OpenSearch/docs/reference/setup/configuration.asciidoc

340 lines
11 KiB
Plaintext

[[setup-configuration]]
== Configuration
[float]
=== Environment Variables
Within the scripts, Elasticsearch comes with built in `JAVA_OPTS` passed
to the JVM started. The most important setting for that is the `-Xmx` to
control the maximum allowed memory for the process, and `-Xms` to
control the minimum allocated memory for the process (_in general, the
more memory allocated to the process, the better_).
Most times it is better to leave the default `JAVA_OPTS` as they are,
and use the `ES_JAVA_OPTS` environment variable in order to set / change
JVM settings or arguments.
The `ES_HEAP_SIZE` environment variable allows to set the heap memory
that will be allocated to elasticsearch java process. It will allocate
the same value to both min and max values, though those can be set
explicitly (not recommended) by setting `ES_MIN_MEM` (defaults to
`256m`), and `ES_MAX_MEM` (defaults to `1g`).

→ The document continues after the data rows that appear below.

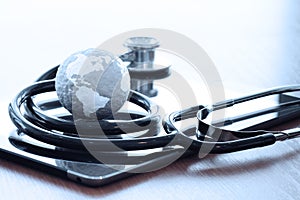 Studio macro of a stethoscope and texture globe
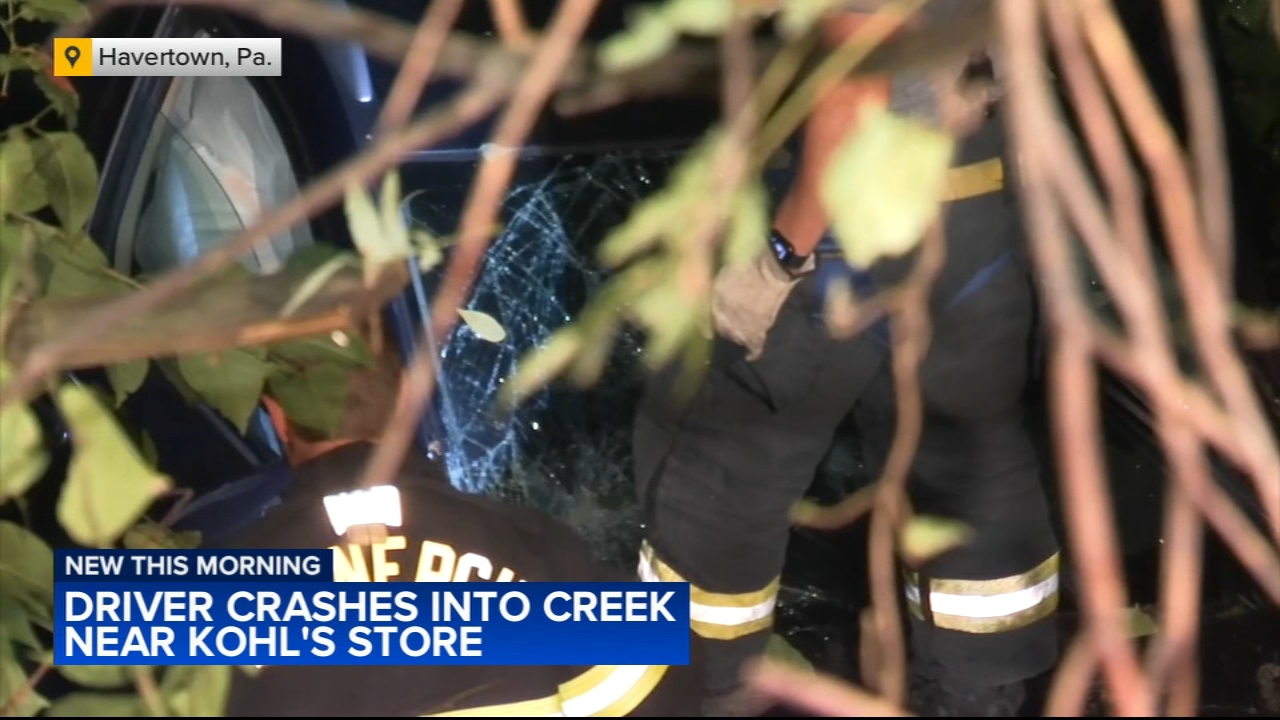 Driver crashes into creek near Delaware Co. department store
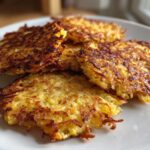Four golden brown, crispy Keto Crispy Cauliflower Hash Browns stacked on a white plate.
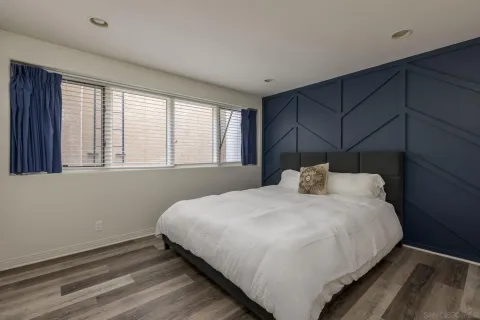 a large bed sitting in a bedroom next to a window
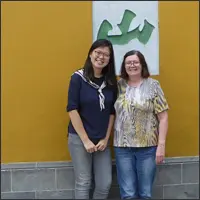 Two women standing together in front of a wall at Hanshan Temple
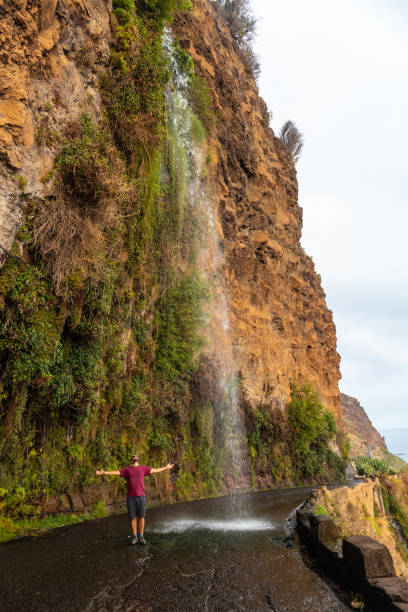 istock A young man looking at the waterfall that falls on the road called Anjos Waterfall, Madeira 1420921249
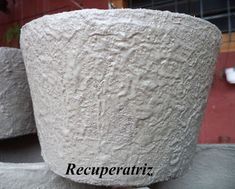 two white vases sitting next to each other on top of a metal table with the words recuperatiz written below them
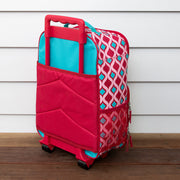 Back view of mermaid-themed kids trolley case showing handle, wheels, and patterned sides.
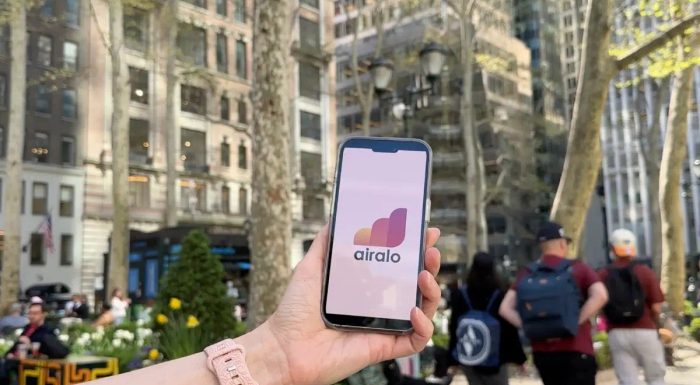 Hand holding a phone with Airalo logo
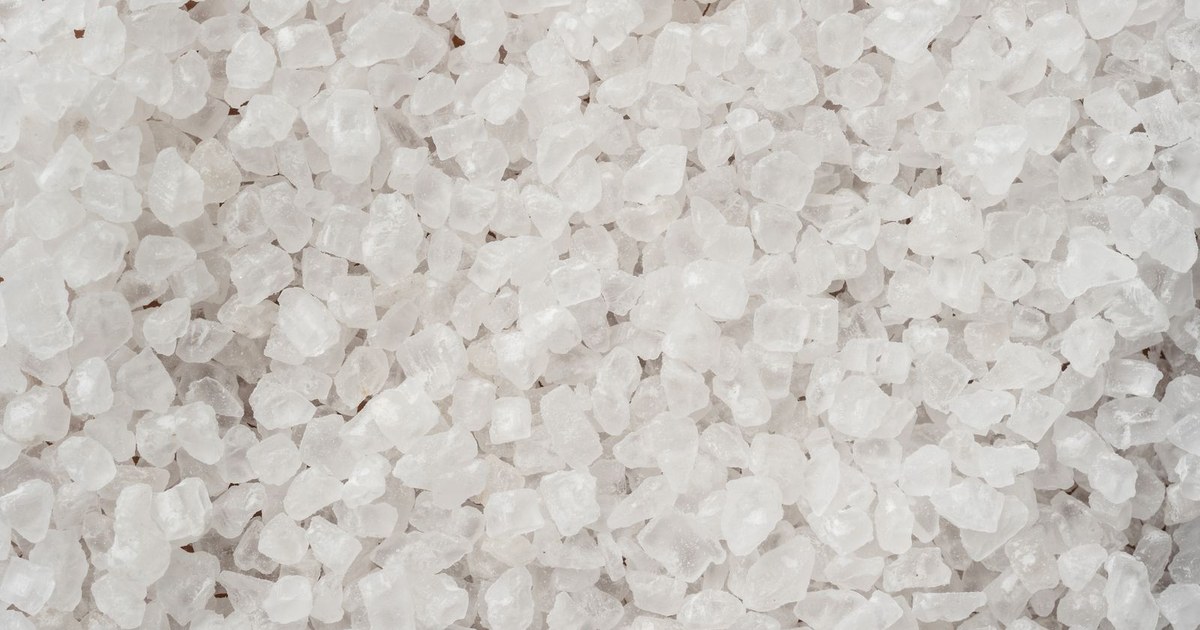 A close-up, full-frame view of coarse white sea salt crystals filling the entire frame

It is recommended to set the min and max memory to the same value, and
enable <<setup-configuration-memory,`mlockall`>>.
[float]
[[system]]
=== System Configuration
[float]
[[file-descriptors]]
==== File Descriptors
Make sure to increase the number of open files descriptors on the
machine (or for the user running elasticsearch). Setting it to 32k or
even 64k is recommended.
In order to test how many open files the process can open, start it with
`-Des.max-open-files` set to `true`. This will print the number of open
files the process can open on startup.
Alternatively, you can retrieve the `max_file_descriptors` for each node
using the <<cluster-nodes-info>> API, with:
[source,js]
--------------------------------------------------
curl localhost:9200/_nodes/process?pretty
--------------------------------------------------
[float]
[[vm-max-map-count]]
==== Virtual memory
Elasticsearch uses a <<default_fs,`hybrid mmapfs / niofs`>> directory by default to store its indices. The default
operating system limits on mmap counts is likely to be too low, which may
result in out of memory exceptions. On Linux, you can increase the limits by
running the following command as `root`:
[source,bash]
-------------------------------------
sysctl -w vm.max_map_count=262144
-------------------------------------
To set this value permanently, update the `vm.max_map_count` setting in
`/etc/sysctl.conf`.
NOTE: If you installed Elasticsearch using a package (.deb, .rpm) this setting will be changed automatically. To verify, run `sysctl vm.max_map_count`.
[float]
[[setup-configuration-memory]]
==== Memory Settings
The Linux kernel tries to use as much memory as possible for file system
caches and eagerly swaps out unused application memory, possibly resulting
in the elasticsearch process being swapped. Swapping is very bad for
performance and for node stability, so it should be avoided at all costs.
There are three options:
* **Disable swap**
+
--
The simplest option is to completely disable swap. Usually Elasticsearch
is the only service running on a box, and its memory usage is controlled
by the `ES_HEAP_SIZE` environment variable. There should be no need
to have swap enabled. On Linux systems, you can disable swap temporarily
by running: `sudo swapoff -a`. To disable it permanently, you will need
to edit the `/etc/fstab` file and comment out any lines that contain the
word `swap`.
--
* **Configure `swappiness`**
+
--
The second option is to ensure that the sysctl value `vm.swappiness` is set
to `0`. This reduces the kernel's tendency to swap and should not lead to
swapping under normal circumstances, while still allowing the whole system
to swap in emergency conditions.
NOTE: From kernel version 3.5-rc1 and above, a `swappiness` of `0` will
cause the OOM killer to kill the process instead of allowing swapping.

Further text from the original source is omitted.